• **Work request**: From the entries below, return exactly the lines beginning at the one that contains "The Living Dead Girl (1982)" and ending at the one that contains "2011 Nissan Altima - Image 2", both of them included, and only those lines.

• **Exercise data**:
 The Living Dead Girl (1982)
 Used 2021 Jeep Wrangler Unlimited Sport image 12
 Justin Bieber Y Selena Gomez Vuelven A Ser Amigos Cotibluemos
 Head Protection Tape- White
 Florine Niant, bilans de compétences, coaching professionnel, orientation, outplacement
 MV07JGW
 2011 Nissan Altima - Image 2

...

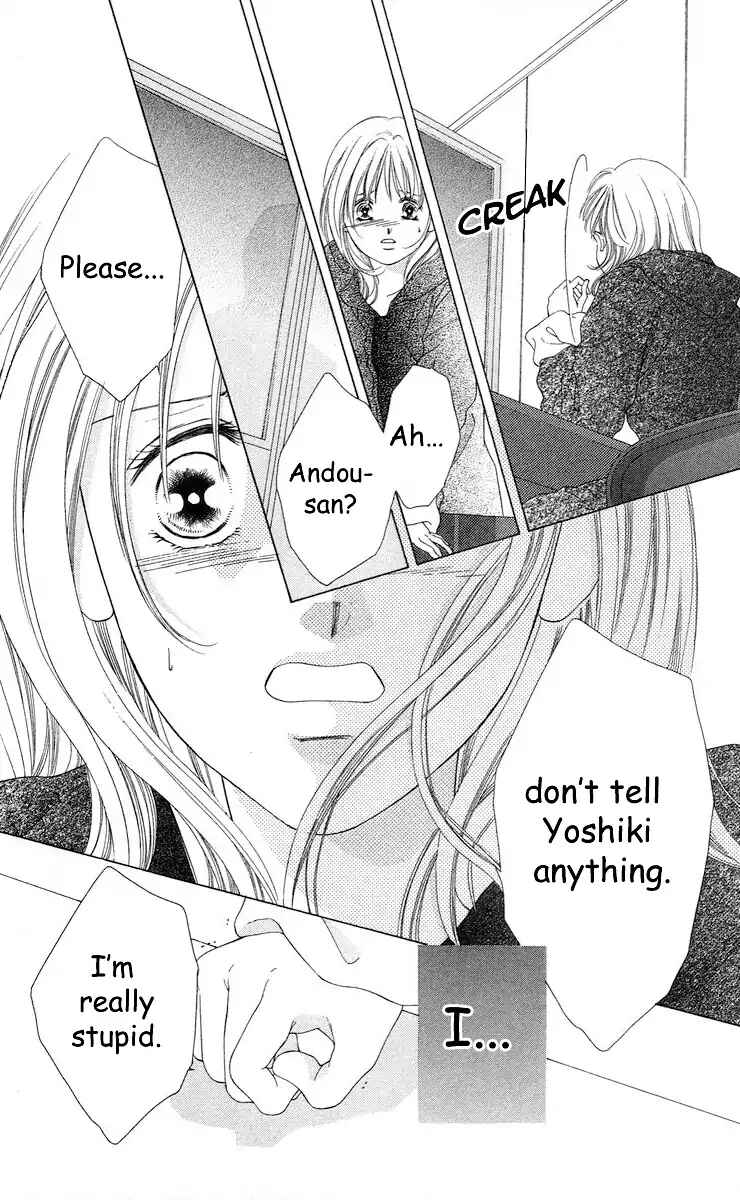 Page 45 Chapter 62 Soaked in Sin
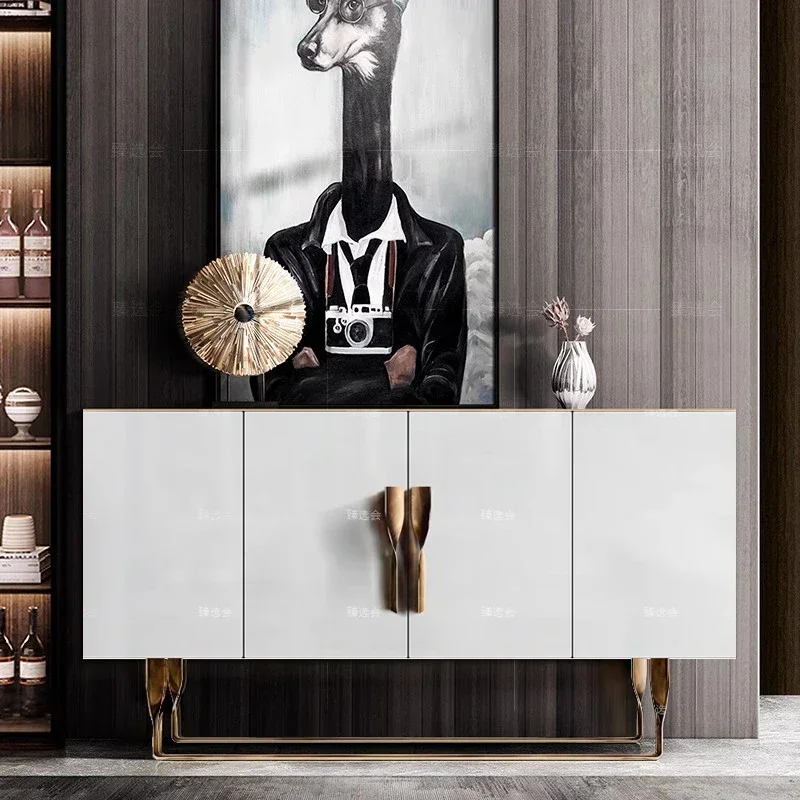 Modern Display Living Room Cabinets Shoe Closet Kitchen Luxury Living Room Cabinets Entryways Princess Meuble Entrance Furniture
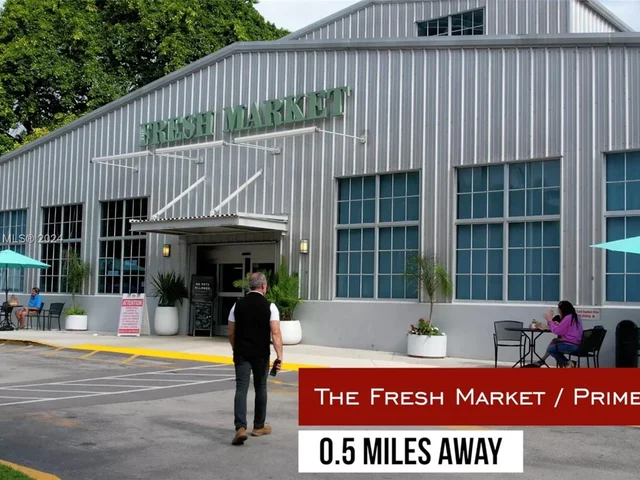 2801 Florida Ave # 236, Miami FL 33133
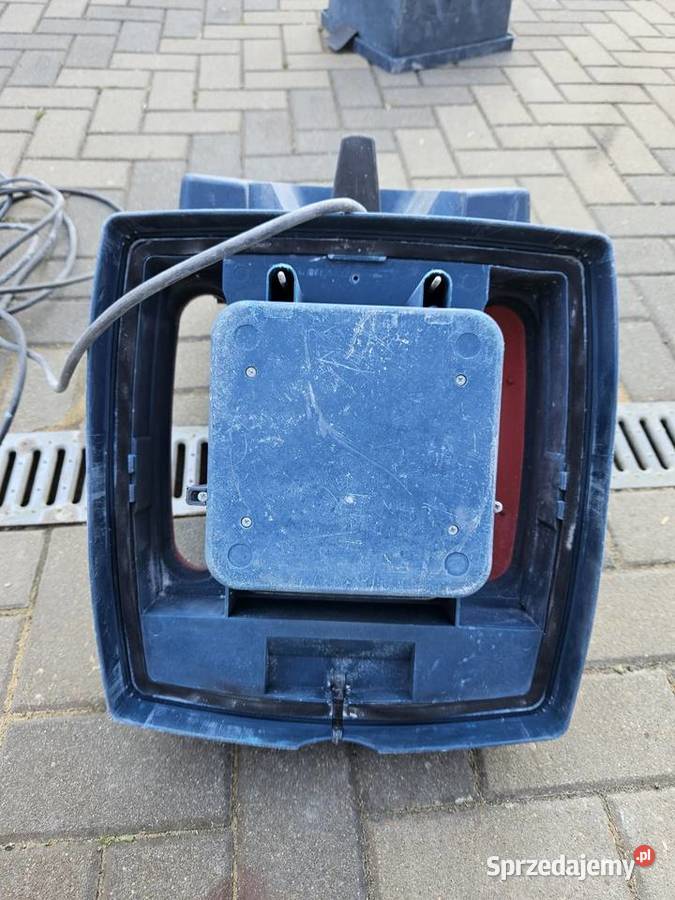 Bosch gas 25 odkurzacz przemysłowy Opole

• **Reply**:
 The Living Dead Girl (1982)
 Used 2021 Jeep Wrangler Unlimited Sport image 12
 Justin Bieber Y Selena Gomez Vuelven A Ser Amigos Cotibluemos
 Head Protection Tape- White
 Florine Niant, bilans de compétences, coaching professionnel, orientation, outplacement
 MV07JGW
 2011 Nissan Altima - Image 2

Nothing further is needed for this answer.